In conjunction with New Zealand Golf, Golf Southland has secured a kit for the next 12 months and Golf Southland chairwoman Robyn Boniface believes it could be a big boost for the sport in the south.
"It's about the fun element," she said.
"It's big, bright equipment that is teaching people - whether they be children or adults - the basics of the game. We have a kit on loan for the next 12 months and, if it's as successful as what we hear it has been, hopefully we will continue with it after that. If it translates into more people playing golf, then it will certainly be worth it."
The SNAG kit will enable Southland to host SNAG in the Park - a collaboration between NZ Golf and SNAG Golf New Zealand, which Golf Southland will deliver during the spring and summer. The idea behind it is to introduce families to the modified version of the game in their own back yard.

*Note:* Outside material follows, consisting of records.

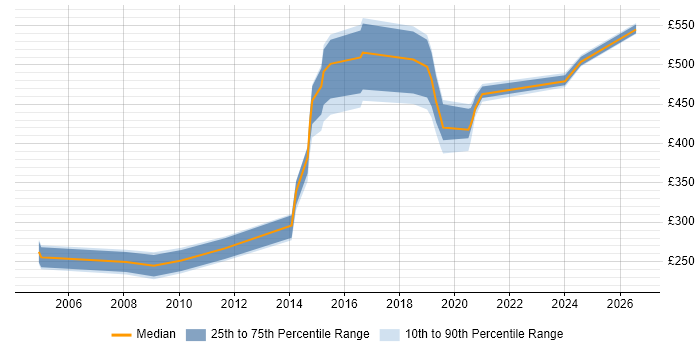 Contractor daily rate distribution trend for jobs in the North West citing Data Acquisition
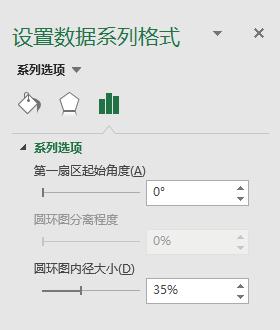 免费excel可视化图表模板,数据可视化图表excel教学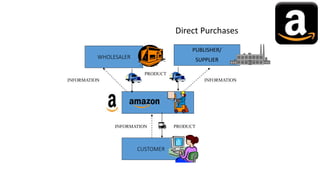 Direct Purchases
WHOLESALER
CUSTOMER
INFORMATION
INFORMATION
PRODUCT
PRODUCT
PUBLISHER/
SUPPLIER
INFORMATION
 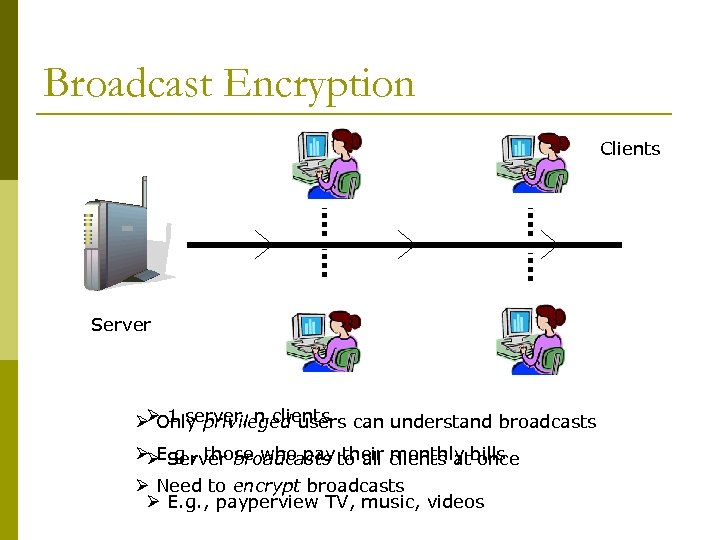 Broadcast Encryption Clients Server ØØ 1 server, n clients can understand broadcasts Only privileged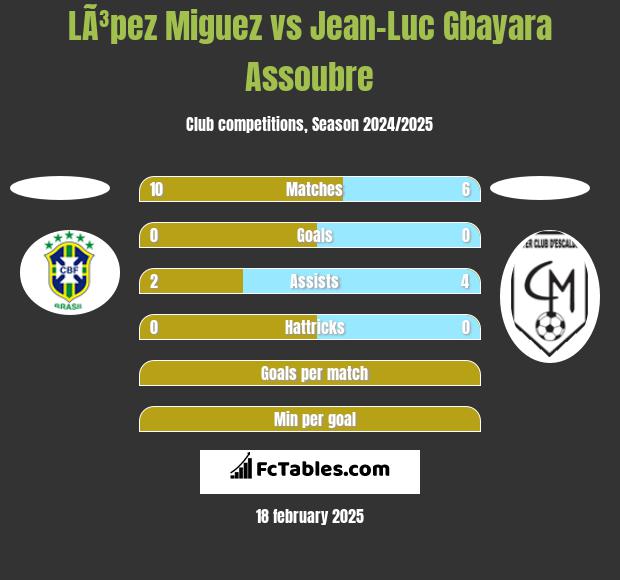 LÃ³pez Miguez vs Jean-Luc Gbayara Assoubre h2h player stats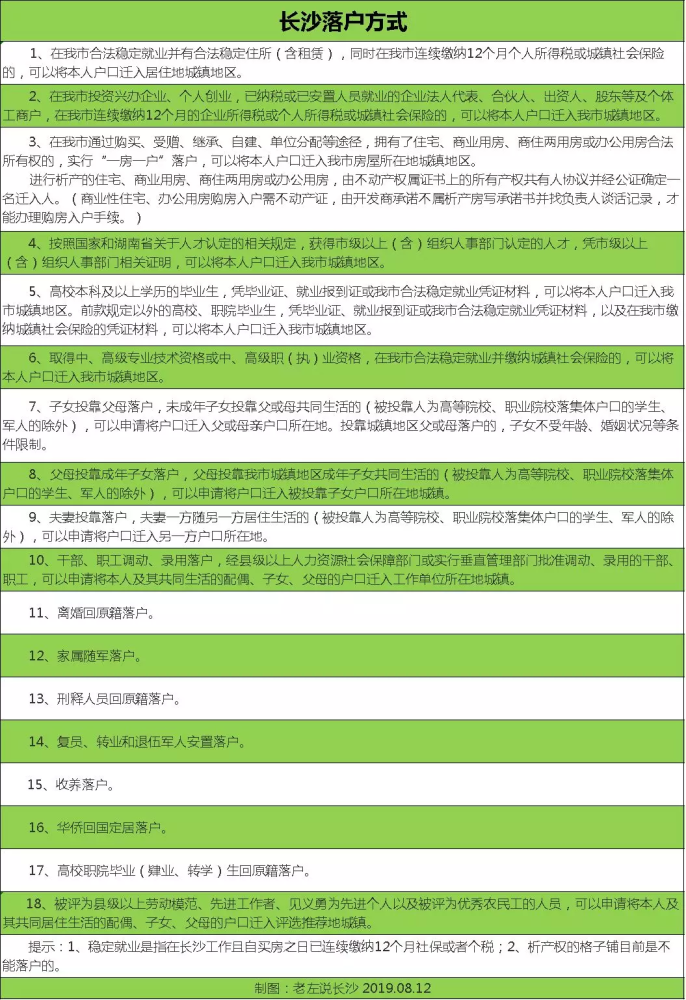 常住人口信息_上海出生人口只有30年前的6 别搞笑了 带你绕过数据的坑 户籍(3)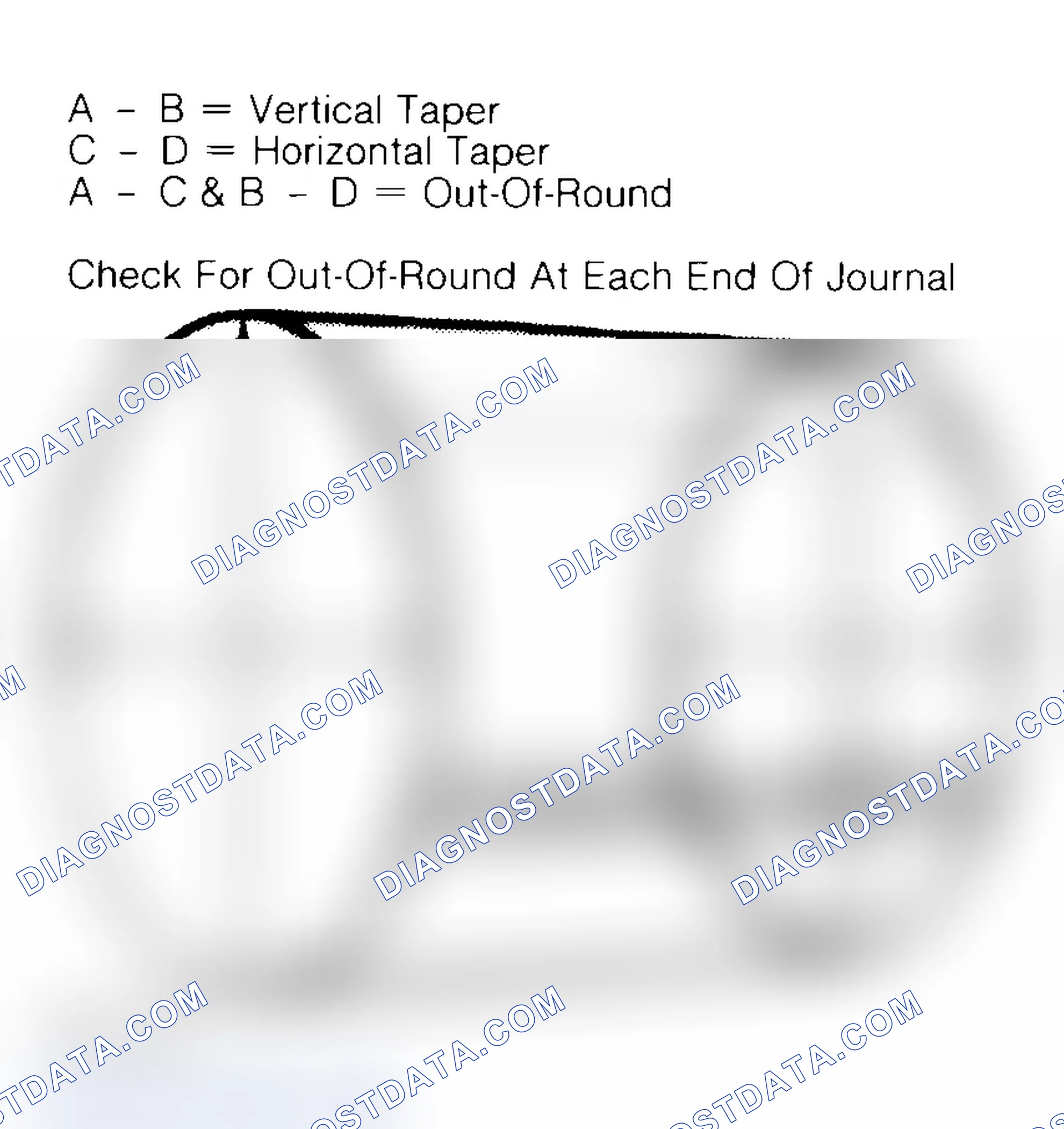 Scheme 22: Measuring Crankshaft Journals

Southland schools are also set to benefit, with Golf Southland set to take it into schools, in the hope that plenty of people will enjoy the fun concept.
SNAG Golf New Zealand leader David Thompson said the kit, and the coaching system that comes with it, provided the ideal grounding for anyone wanting to get started in golf and he believed Southlanders would embrace it.
"With SNAG you do see success straight away, which is a big part of making it fun and making people want to carry on with it," he said.
"You'll hit the target nine out of 10 times - it's that easy - and by learning the fundamentals of golf with SNAG you're more likely to have success when you get to real golf."
"We also really push the family focus of, so it will be set up in a park or at a club and families can come along and spend 30 or 40 minutes, have a go and have some fun."
"What we hope to see in Southland is that people will get the opportunity to have a go at it in a number of settings that will attract new kids and families to the game. We want to see more kids being exposed to golf either through schools or in the park."
"We also want families that might not normally play golf, to give SNAG in the Park a go, which may in turn lead them to venture out to their local golf club."